Enjoy oxidation retard. You were supposed to taki it to service and have it cleaned immediatelly.
William Taylor
This, your phone is kill OP. Please don't ever reproduce.
Adrian Powell
Frig off computer boy I do what I want
Lucas Rivera
So if I clamp down wherever the connection is, I might have hope as far as starting it? I got the bench vise. Where would that connection be?
Grayson Campbell
are you high school? you sound like a fucking retard.
Robert Jackson
Dude your phone is fucking rusting on the inside and electricity greatly accelerates it. Even if somehow it works clamped for a while it will get worse.
Anthony Campbell
I actually dropped out a long time ago, before the end of middle school for me. Did your parents not discipline you much? You sound like a bitter autist. Are you atheistic or some shit queerboi? Did you abandon faith in a vain pursuit of "higher" knowledge? Are you cherishing life as much as you can so you can move on, having gotten rid of the parts of your soul that don't deserve to be there? Have you ever even been loved?
Nathan Morgan
Popping it into the oven at 180 with my pizza rn
Evan Martin
Don't take higher knowledge to not use your phone as a spoon lmao
Grayson Wilson
And this is why you don't do drugs, kids.
Jacob Martin
kill yourself junkie
Cooper Cruz
You got the auts bro? I obviously had the knowledge to realize that using my phone as a spoon would probably result in its death. I just happened to fucking hate this budget trash phone and thought it would be funny to absolutely violate it. That said, I'm camping for a week starting tomorrow, and having a phone would be chill.
Josiah Fisher
Also this, all of what you did has an eearily similarity to when I was a basehead.
Ethan Lopez
Obvious samefag question mark?
Matthew Parker
Aren't u just epic and random :)
Jayden Richardson
A phone isn't a very good spoon it's closest to a spatula in food utensil terms.

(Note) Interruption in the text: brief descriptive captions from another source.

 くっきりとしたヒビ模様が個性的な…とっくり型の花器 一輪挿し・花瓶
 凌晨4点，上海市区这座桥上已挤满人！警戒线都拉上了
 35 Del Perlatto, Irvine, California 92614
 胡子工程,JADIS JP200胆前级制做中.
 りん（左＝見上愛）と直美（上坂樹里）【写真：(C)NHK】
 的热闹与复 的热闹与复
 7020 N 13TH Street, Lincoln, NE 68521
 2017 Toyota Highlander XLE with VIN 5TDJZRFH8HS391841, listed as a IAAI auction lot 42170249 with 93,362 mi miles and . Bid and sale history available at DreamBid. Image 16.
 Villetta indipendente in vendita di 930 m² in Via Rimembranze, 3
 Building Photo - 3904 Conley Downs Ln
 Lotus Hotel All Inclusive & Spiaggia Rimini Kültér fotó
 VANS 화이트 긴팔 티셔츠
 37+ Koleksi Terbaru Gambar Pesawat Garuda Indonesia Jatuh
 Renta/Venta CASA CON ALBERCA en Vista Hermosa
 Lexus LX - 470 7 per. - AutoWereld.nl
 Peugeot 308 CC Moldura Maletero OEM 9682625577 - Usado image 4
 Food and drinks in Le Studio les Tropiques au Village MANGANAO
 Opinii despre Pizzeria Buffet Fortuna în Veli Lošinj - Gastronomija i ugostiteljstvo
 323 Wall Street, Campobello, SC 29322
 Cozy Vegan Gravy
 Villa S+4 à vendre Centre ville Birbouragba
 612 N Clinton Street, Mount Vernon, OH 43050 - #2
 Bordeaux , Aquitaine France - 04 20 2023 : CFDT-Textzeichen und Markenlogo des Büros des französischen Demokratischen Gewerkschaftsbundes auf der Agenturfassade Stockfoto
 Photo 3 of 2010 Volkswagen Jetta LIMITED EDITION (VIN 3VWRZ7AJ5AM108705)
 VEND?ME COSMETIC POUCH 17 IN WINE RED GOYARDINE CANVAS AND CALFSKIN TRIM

Seriously though, my uncle died in an abandoned house and they found him a day later next to syringes scattered all over the floor.
Thomas Wilson
Which one of us is having a stroke here? This entire thread is probably just a hypoxia nightmare.
Jaxon Bailey
Don't worry vro. I just happen to like urban exploration and occasionally lighting up. I don't fuck with any needles. Heroin has either killed or fucked over a bunch of close people to me.
Liam Brown
>I decide that the best course of actions is to use my Samsung J3 as a spoon
this gives me a strong urge to shoot you in the head.